Do alto de suas barbas brancas, o veterano programador lembrou o quanto estamos viciados em nomes de soluções e esquecemos para o que elas servem. É o equivalente a chamar "fotocópia" de "xerox".

- Não diga que você precisa do produto de uma empresa X - sentenciou ele. - Diga que precisa de um software para editar texto ou fazer um banco de dados.

Ele não pregou a troca de sistema pela troca de sistema. Disse que "se você tem um sistema trabalhando bem, não o converta". E lembrou que se pode começar comendo pelas beiradas (no caso das empresas, em novos projetos), com programas abertos. Estão aí Evolution, OpenOffice e Gimp, só para citar alguns.

Outro destaque do evento foi a Red Hat, que anunciou oficialmente o início de suas operações no país e contratou o mantenedor do kernel do Linux, Marcelo Tosatti. Tosatti será responsável por adaptar o Linux para o laptop de US$100 do Nicholas Negroponte, em que a Red Hat investe.

- Minha tarefa será tornar a interface mais simples e mais fácil que a dos desktops - contou ele.

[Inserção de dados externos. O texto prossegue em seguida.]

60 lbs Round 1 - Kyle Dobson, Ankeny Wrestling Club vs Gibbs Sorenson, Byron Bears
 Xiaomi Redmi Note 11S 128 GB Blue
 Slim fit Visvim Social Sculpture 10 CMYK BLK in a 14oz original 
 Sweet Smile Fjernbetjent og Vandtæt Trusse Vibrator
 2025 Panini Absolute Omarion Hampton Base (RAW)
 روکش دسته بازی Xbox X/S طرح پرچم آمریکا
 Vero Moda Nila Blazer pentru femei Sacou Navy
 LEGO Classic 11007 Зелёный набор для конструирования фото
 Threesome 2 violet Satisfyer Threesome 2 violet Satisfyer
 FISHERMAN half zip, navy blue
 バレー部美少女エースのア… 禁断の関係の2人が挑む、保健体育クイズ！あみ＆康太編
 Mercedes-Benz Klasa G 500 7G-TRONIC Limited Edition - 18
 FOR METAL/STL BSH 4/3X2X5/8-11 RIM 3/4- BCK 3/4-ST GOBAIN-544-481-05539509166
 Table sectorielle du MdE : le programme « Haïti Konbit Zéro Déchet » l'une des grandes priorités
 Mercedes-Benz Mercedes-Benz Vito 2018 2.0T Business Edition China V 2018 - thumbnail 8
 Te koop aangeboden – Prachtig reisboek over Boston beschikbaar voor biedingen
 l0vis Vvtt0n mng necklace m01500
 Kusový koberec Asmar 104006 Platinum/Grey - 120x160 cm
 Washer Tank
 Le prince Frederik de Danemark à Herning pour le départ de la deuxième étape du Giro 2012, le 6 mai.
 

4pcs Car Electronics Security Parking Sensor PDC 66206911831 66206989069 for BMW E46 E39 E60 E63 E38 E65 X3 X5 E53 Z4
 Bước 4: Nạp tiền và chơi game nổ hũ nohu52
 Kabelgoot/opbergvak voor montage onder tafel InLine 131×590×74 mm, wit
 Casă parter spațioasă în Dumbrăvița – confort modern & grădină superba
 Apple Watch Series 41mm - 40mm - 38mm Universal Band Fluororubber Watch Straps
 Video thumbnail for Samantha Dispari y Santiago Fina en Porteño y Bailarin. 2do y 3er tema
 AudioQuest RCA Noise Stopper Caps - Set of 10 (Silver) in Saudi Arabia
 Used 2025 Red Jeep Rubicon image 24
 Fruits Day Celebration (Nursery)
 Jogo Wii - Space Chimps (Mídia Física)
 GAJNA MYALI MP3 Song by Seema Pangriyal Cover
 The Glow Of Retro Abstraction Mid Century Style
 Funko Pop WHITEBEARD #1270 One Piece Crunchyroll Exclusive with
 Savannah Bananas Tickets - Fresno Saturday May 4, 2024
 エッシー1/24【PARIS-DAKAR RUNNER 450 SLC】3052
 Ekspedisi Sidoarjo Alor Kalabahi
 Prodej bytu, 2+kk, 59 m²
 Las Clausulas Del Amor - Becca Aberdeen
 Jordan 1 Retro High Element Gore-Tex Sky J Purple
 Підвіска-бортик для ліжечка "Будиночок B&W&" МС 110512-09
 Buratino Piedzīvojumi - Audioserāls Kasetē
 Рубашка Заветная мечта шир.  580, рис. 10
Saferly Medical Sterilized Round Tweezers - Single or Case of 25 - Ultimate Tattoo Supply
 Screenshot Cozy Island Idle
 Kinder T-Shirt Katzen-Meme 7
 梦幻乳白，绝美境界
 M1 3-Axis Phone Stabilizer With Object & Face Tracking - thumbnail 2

Uma interface mais fácil para os usuários é realmente o grande desafio do Linux para o desktop. Esse desktop deve chegar primeiro nas estações de trabalho. Por exemplo, pelas mãos da Novell, que lançou a versão 10 de seu Suse Linux Enterprise. Poderoso, o sistema comporta vídeo e gerenciamento avançado de arquivos e janelas - em dado momento da demo, Guy Lunardi, gerente de produto da Novell, abriu seis janelas e arrumou-as numa espécie de cubo mágico, que podia ser manipulado à vontade. Bom, à vontade no notebook de Guy, com 1Gb de memória...

Para o usuário final, mesmo, a grande aposta presente no evento era a nacional Insigne, que tem um Linux montado para facilitar a vida de quem nunca viu um pingüim. É o Linux que mais anda por aí nos computadores do varejo, inclusive os usados no projeto de computador popular no governo. A Insigne rearrumou a janela Comece Aqui, presente no Linux, e levou os ícones dos programas básicos para dentro dela. A empresa criou agora uma versão "live"do Insigne, que vou testar.

Por fim, a porção mulher do Tux está crescendo. As meninas do movimento LinuxChix.Br, que mexem com o sistema, já são mais de 300 e têm encontro marcado em Florianópolis, em setembro.

21.7.06

Vi a exposição do Degas, no MASP. Muito bem montada. Mas o mais legal foram as gravuras indecentes que Picasso fez de prostitutas aprontando o diabo enquanto o Degas, um tímido, observava de um canto, sempre com olhar espantado. A série foi batizada de "Degas voyeur" e é sensacional.

Também aproveitei para curtir o acervo do museu. A tela de Corot que retrata uma cigana com bandolim me hipnotizou.

Li a biografia de D. Pedro I escrita com leveza e maestria pela Isabel Lustosa. O imperador é descrito por ela como a verdadeira identidade de Macunaíma, o herói sem caráter. Mas, apesar das muitas vaciladas, deu ao Brasil a Independência, manteve-o coeso e ainda conseguiu derrotar o irmão usurpador em Portugal e botar sua filha no trono. E tudo isso num espaço de 12 anos, entre 1822 e 1834. Consumiu-se rápido, o homem, morrendo com 36 anos no mesmo quarto onde nascera.

É impossível parar de ler o livro. O personagem é muito fascinante. Mas dá para perceber que os verdadeiros estadistas ao lado dele eram José Bonifácio e D. Leopoldina. Se tivessem assegurado maior influência sobre D. Pedro, nossa história seria diferente. E talvez o Primeiro Reinado não tivesse acabado tão rápido.

12.7.06

Farewell, Syd Barrett. May you shine on like a crazy diamond wherever you are.

6.7.06

A final França x Itália está mais com cara de disputa entre culinárias do que de partida de futebol.